Al dirigirme a vosotros, mi pensamiento se dirige también a los países que representáis y a sus dirigentes. Pienso también en las naciones con las que la Santa Sede no mantiene todavía relaciones diplomáticas. Algunas de ellas se han asociado a las celebraciones con motivo del fallecimiento de mi predecesor y de mi elección a la Sede de Pedro. Apreciando estos gestos, deseo hoy expresarles mi gratitud y dirigir un saludo deferente a las autoridades civiles de esos países, formulando el deseo de verles representados cuanto antes ante la Sede apostólica. De esos países, en particular de aquéllos en los que las comunidades católicas son numerosas, me han llegado mensajes que he apreciado particularmente.
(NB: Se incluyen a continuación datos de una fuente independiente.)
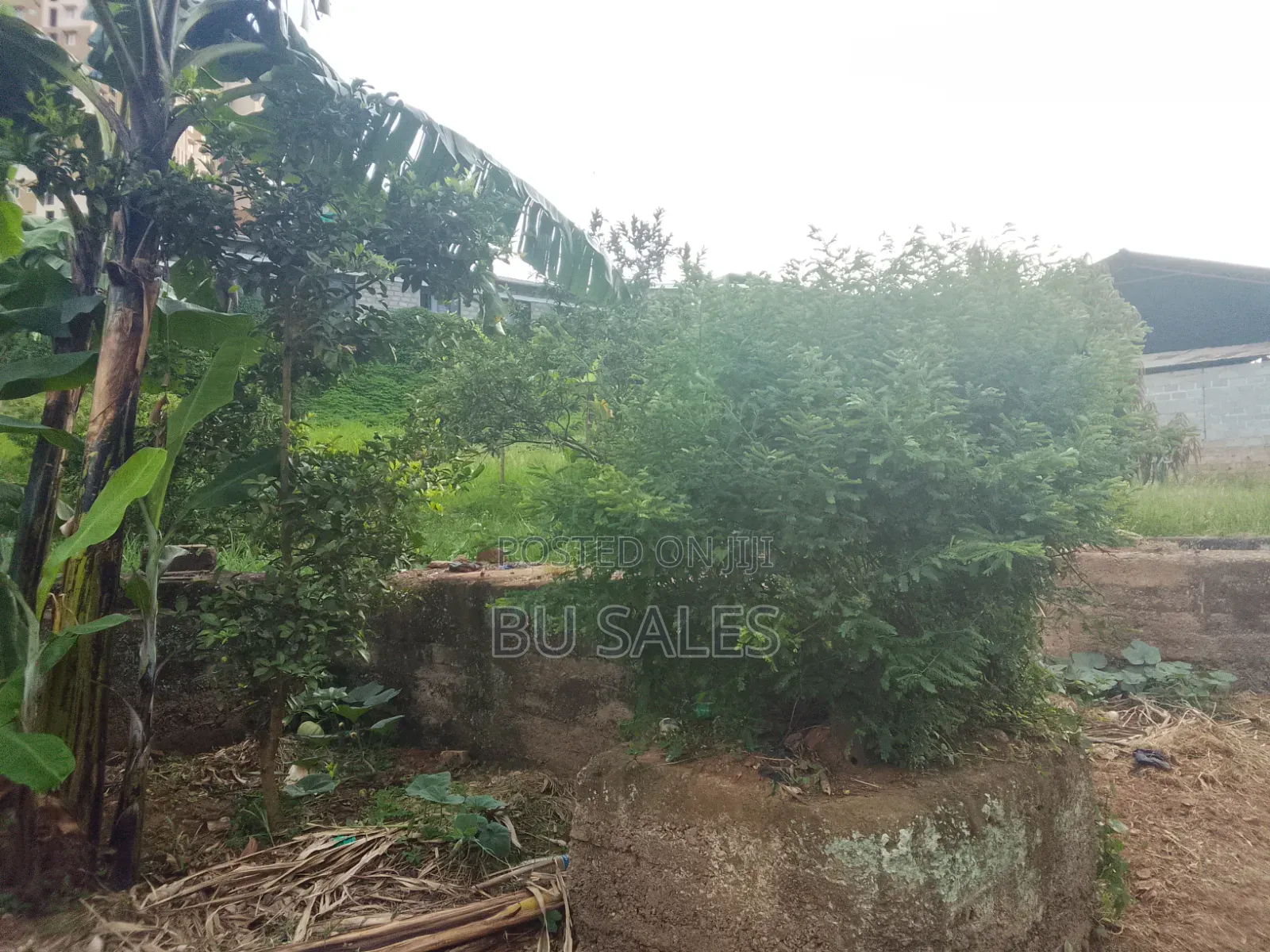 Land for Quick Sale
Quisiera manifestar el gran aprecio que siento por estas comunidades y por el conjunto de los pueblos a los que pertenecen, asegurándoles a todos que están presentes en mi oración.
Al encontrarme con vosotros, ¡cómo es posible no evocar el largo y fecundo ministerio del querido Papa Juan Pablo II! Misionero incansable del Evangelio por los numerosos países que visitó, ofreció además un servicio único a la causa de la unidad de la familia humana. Ha mostrado el camino hacia Dios, invitando a todos los hombres de buena voluntad a reavivar sin cesar su conciencia y a edificar una sociedad de justicia, de paz, de solidaridad, en la caridad y el perdón mutuo. No hay que olvidar tampoco los innumerables encuentros con los jefes de Estado, los jefes de Gobierno y los embajadores, aquí, en el Vaticano, en los que defendió la causa de la paz. Por mi parte, procedo de un país en el que la paz y la fraternidad ocupan un gran lugar en el corazón de sus habitantes, en particular, de aquéllos que, como yo, conocieron la guerra y la separación entre hermanos pertenecientes a una misma nación, a causa de ideologías devastadoras e inhumanas que, encubiertas de sueños y de ilusión, impusieron a los seres humanos el yugo de la opresión. Comprenderéis por tanto que soy particularmente sensible al diálogo entre todos los hombres, para superar todas las formas de conflicto y de tensión, y para hacer de nuestra tierra una tierra de paz y de fraternidad. Uniendo sus esfuerzos, todos juntos, las comunidades cristianas, los responsables de las naciones, los diplomáticos y todos los hombres de buena voluntad, están llamados a realizar una sociedad pacífica para vencer la tentación del choque entre culturas, etnias y mundos diferentes. Para lograrlo, cada pueblo tiene que sacar de su patrimonio espiritual y cultural los mejores valores de los que es portador para salir sin miedo al encuentro del otro, aceptando compartir sus riquezas espirituales y materiales para el bien de todos.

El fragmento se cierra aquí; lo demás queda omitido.